Regular readers will know exactly where we’re going with this. Chapter 1 of Essential Mathematics is titled Mental Skills, it includes simple written skills as well, and the message is obvious. As the authors write,
The chapter is largely devoted to underlining the need for mastery of a repertoire of instantly available techniques, that can be used mentally, quickly, and flexibly to analyse less familiar problems at sight.
In particular, on their first problem,
Multiplication tables are important for many reasons. They allow us to appreciate directly, at first hand, the efficiency of our miraculous place value system – in which representing any number, and implementing any operation, are reduced to a combined mastery of
(i) the arithmetical behaviour of the ten digits 0–9, and
(ii) the index laws for powers of 10.
Fluency in mental and written arithmetic then leaves the mind free to notice, and to appreciate, the deeper patterns and structures which may be lurking just beneath the surface.
What does all this have to do with ACARA’s draft curriculum? Alas, nothing whatsoever.

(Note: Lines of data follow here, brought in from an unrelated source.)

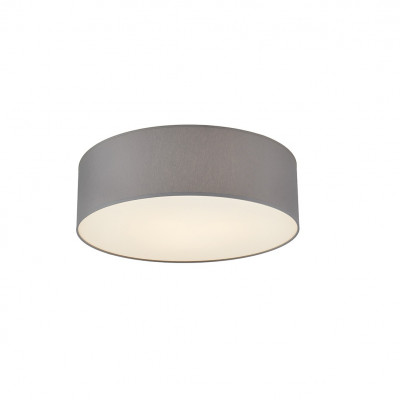 Space S Plafond / Wall Lamp Grey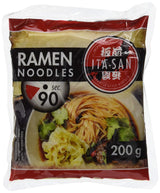ITA-SAN Ramen nudler, hurtig og nem tilberedning, 30 x 200 g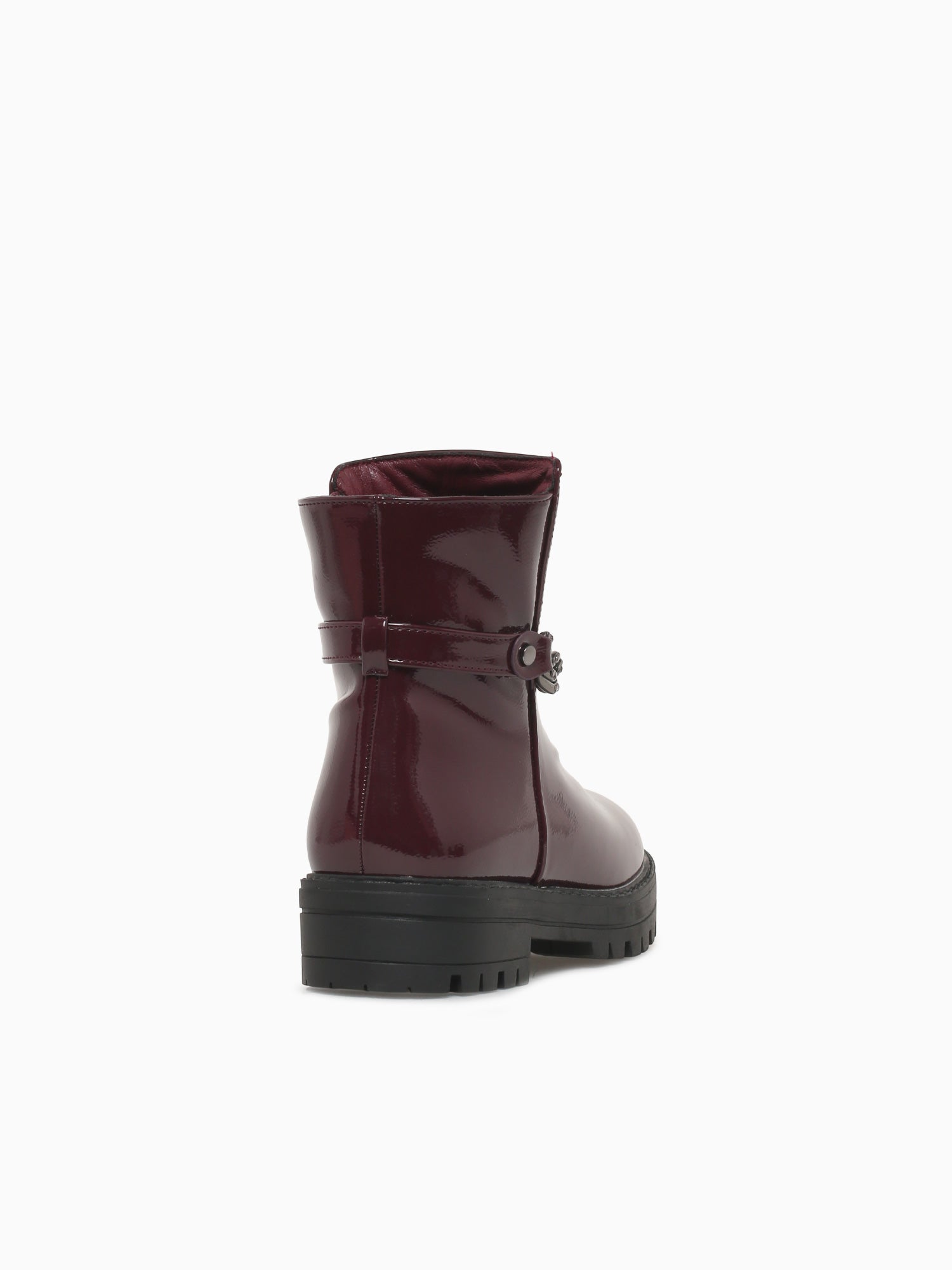 Ember Burgundy Patent Wine / 1 / M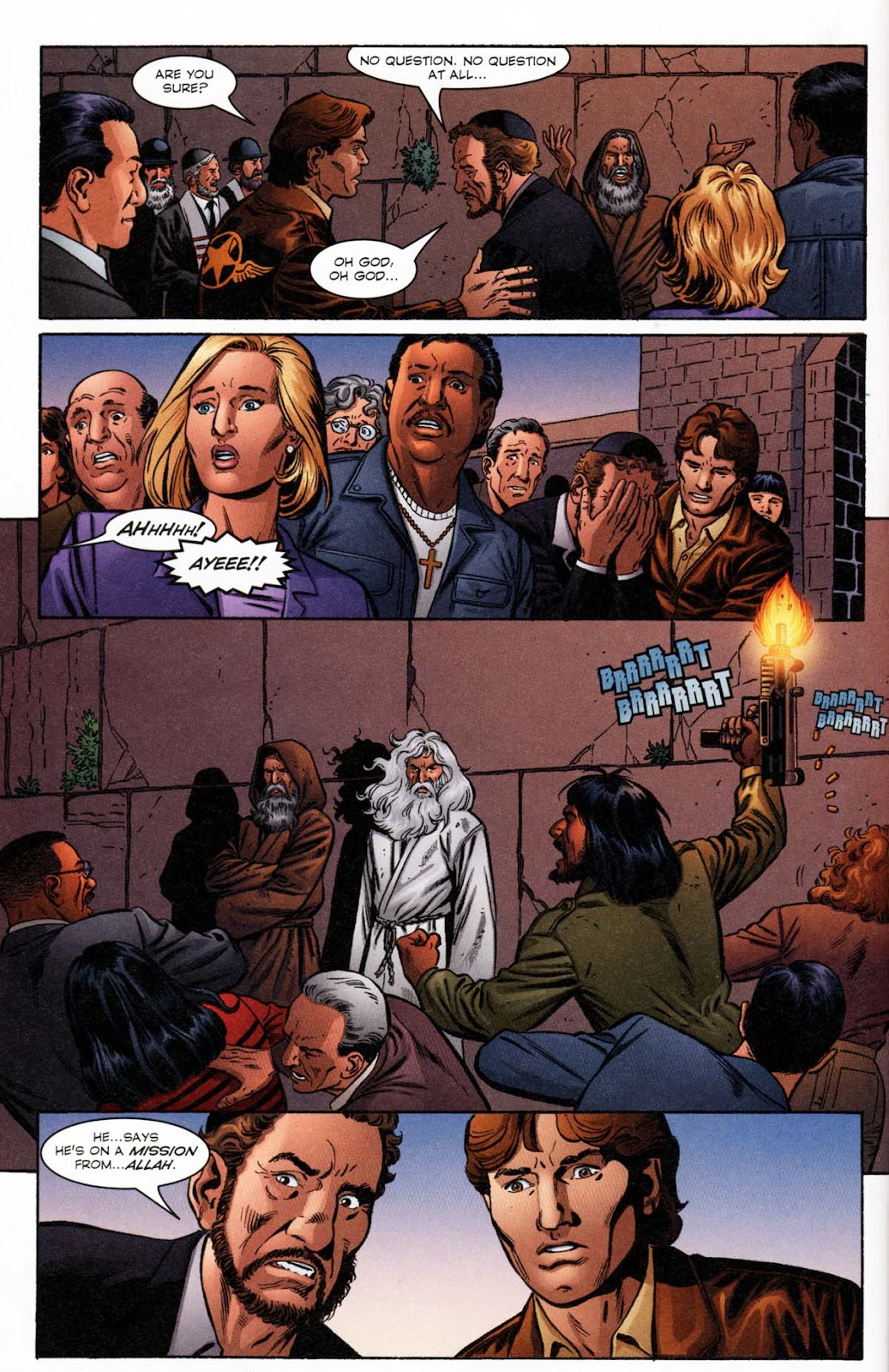 Tribulation Force Issue #4 - Page 24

The draft curriculum is the antithesis of Essence. The “problems” and “investigations” and “models” in the draft curriculum are anything but wellchosen, being typically sloppy and illdefined, with no clear direction or purpose. The draft curriculum also displays nothing but contempt for the prior mastery of basic facts and skills required for problemsolving, or anything.
Essence is not a textbook, but the authors clearly see a large role for problemsolving in mathematics education, and, with genuine modesty, they can imagine their book as a natural supplement to a good curriculum. Such a role can mean slow and openended learning, or at least openended teaching:
Learning mathematics is a long game; and teachers and students need the freedom to digress, to look ahead, and to build slowly over time.
The value of such digressions and explorations, however, does not negate the primary goal of mathematics education:
Teachers at each stage must be free to recognise that their primary responsibility is not just to improve their students’ performance on the next test, but to establish a firm platform on which subsequent stages can build. …
The effect [of political pressures] has been to downgrade the more important challenges which every student should face: namely

 of developing a robust mastery of new, forwardlooking techniques (such as fractions, proportion, and algebra), and
 of integrating the single steps students have at their disposal into larger, systematic schemes, so that they can begin to tackle and solve simple multistep problems.
Building systematic schemes out of the mastery of techniques. Or, there’s the alternative:
A didactical and pedagogical framework that is consistent with the essence, and the educational value of elementary mathematics cannot be rooted in false alternatives to mathematics (such as numeracy, or mathematical literacy).
There is problemsolving, and there is “problemsolving”. ACARA is shovelling the latter.
UPDATE (28/05/21)
Mrs. Big, AKA Mrs. Uncle Jezza, has given the draft curriculum a very good whack in the comments, below. As part of that, she has noted an excellent quotation that begins the Preface of Essential. The quotation is by Richard Courant and Herbert Robbins, and is from the Preface of their classic What is Mathematics?
“Understanding mathematics cannot be transmitted by painless entertainment … actual contact with the content of living mathematics is necessary. The present book … is not a concession to the dangerous tendency toward dodging all exertion.”
While we’re here, we’ll include another great quote, from the About section of Essential, by John von Neumann:
“Young man, in mathematics you don’t understand things. You just get used to them.”
Understanding is a fine goal, but it can also be a dangerously distracting goal. ACARA’s “deep understanding” is an absurdity.